私も本当にそう感じます。社会に貢献できたり、誰かを癒せたり、大勢の人を率いたりできる人は、本当に素晴らしいです。私もそうなれるならそういう人生だったら良かったと思います。ただ、世の中のほとんどの人はそうはなれません。なんでもない存在として社会の片隅にいるだけです。
そしてそういう人も等しく許容される世の中であってほしい、と私も著者と同じことを考えています。犯罪に手を染めたりするのはダメですが、働かなくても、引きこもっていても、何もやる気が起きなくても、”そういう存在”として許容されることこそが「多様性」なのではないかと、私は信じたいです。
引きこもり期間は無駄だった
本書は、お笑いコンビ「髭男爵」の山田ルイ53世が、子どもの頃の6年間の引きこもり期間を経て、なんとか社会へと戻るまでの葛藤が描かれている作品です。成人式を迎える頃、「成人になってしまったら、二度と差を埋められなくなる」と恐怖してなんとか奮起、どうにか引きこもりから自力で抜け出したのだと言います
かつて引きこもっていた、ということを明かしたことで著者は、引きこもり時代について取材で聞かれるようになりますが、その度に違和感を覚えていたといいます。それは、「その6年間があったからこそ、今の山田さんがいるんですよね?」という類の質問に対してのものです。
そういう時に著者は、場の空気が悪くなることを理解しつつも、
と答えるといいます。
私も、短期間ですが引きこもっていた時期があるので、「無駄だった」という感覚は分かるつもりです。もちろん、あのしんどい時期があったからこそ分かったこと、感じられるようになったこともあると思います。自分がそういう経験をしたからこそ、周りで辛い経験をしている人の気持ちが少し分かったり、そういう人から話を聞きやすくなったりもしているでしょう。
でも、必要な経験だったかというと、そんなことはないと思います。避けられるなら、避けて通りたかったです。
自分の過去の経験が無駄だったとはできれば思いたくないので、何かと理屈をつけて正当化したくなりますが、そういう自分の虚飾を取り払って考えてみた時、やはり引きこもっていた経験は無駄でしかなかったんじゃないかと感じます。

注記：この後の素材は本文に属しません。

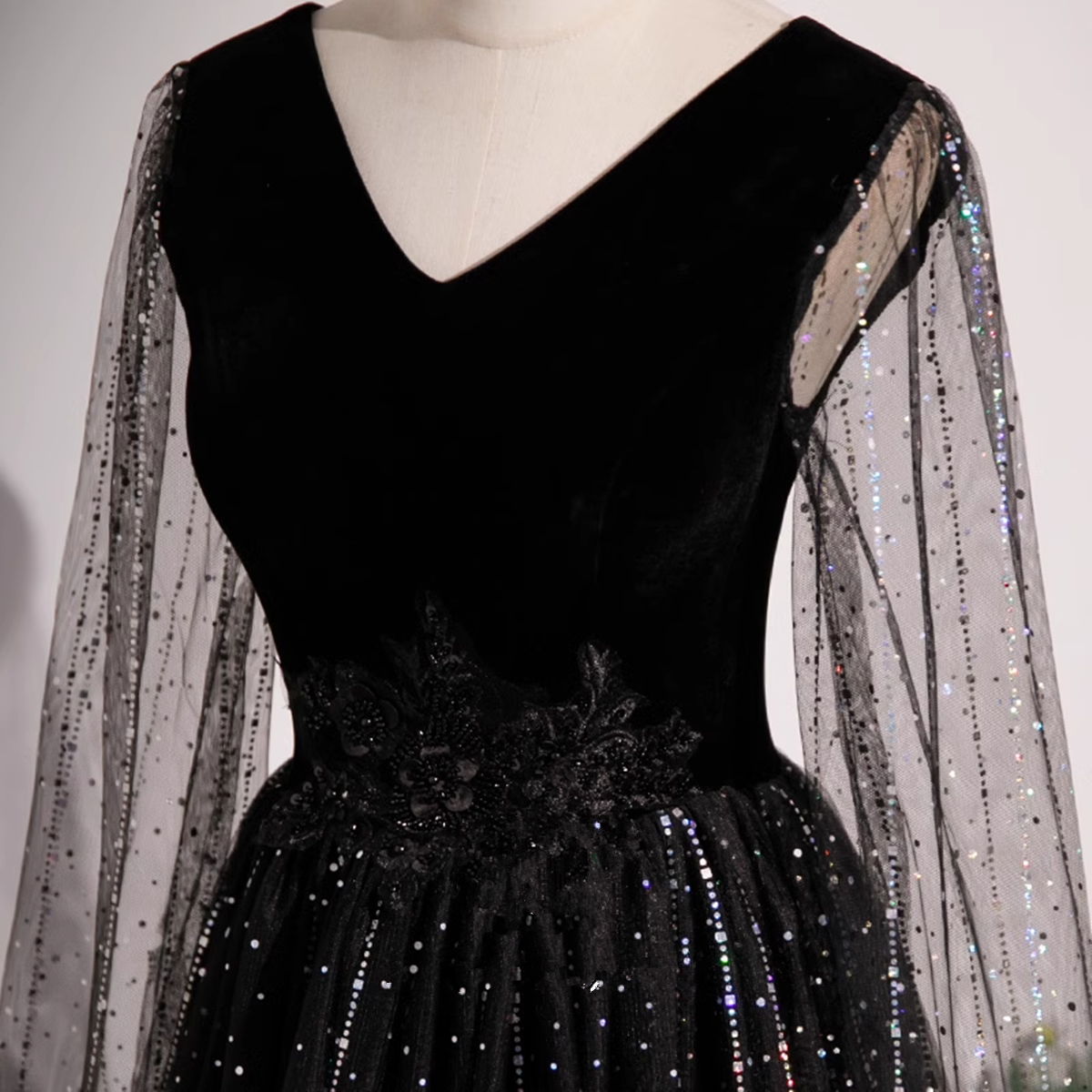 Vestido de fiesta de tul negro brillante con degradado y escote en V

一方で私は、「無駄だから経験すべきではない」と考えることもしません。「無駄かもしれない」と理解した上でその無駄を経験するのなら、それは本人の自由だと思うからです。
だからこそ、「引きこもるという選択肢」が、社会の中で悪く受け取られないといい、とも感じます。形はどうあれ、一定期間社会との関係性を断つと、学業や社会人としての評価に大きく響くでしょう。普通は、「引きこもるなんてダメなやつだ」と判断され、マイナス評価が下されてしまうはずです。
でも、世の中の全員が同じ歩幅で歩いていけると考える方が無理がある、と私は思います。社会のスピードについていけない人もいるでしょうし、休み休みでないと前に進めない人もいるはずです。そういう場合はしばらくお休みをして、落ち着いたらまた元の場所からリスタートできるような社会なら、誰にとっても穏やかなんだけどなぁと思います。
もし社会がそういう変化を望むのであれば、「引きこもりを経験し、今は社会に出てきている人」の経験は役立つでしょうし、そうなれば、「あの経験は有益だったな」と考えが変わるかもしれません。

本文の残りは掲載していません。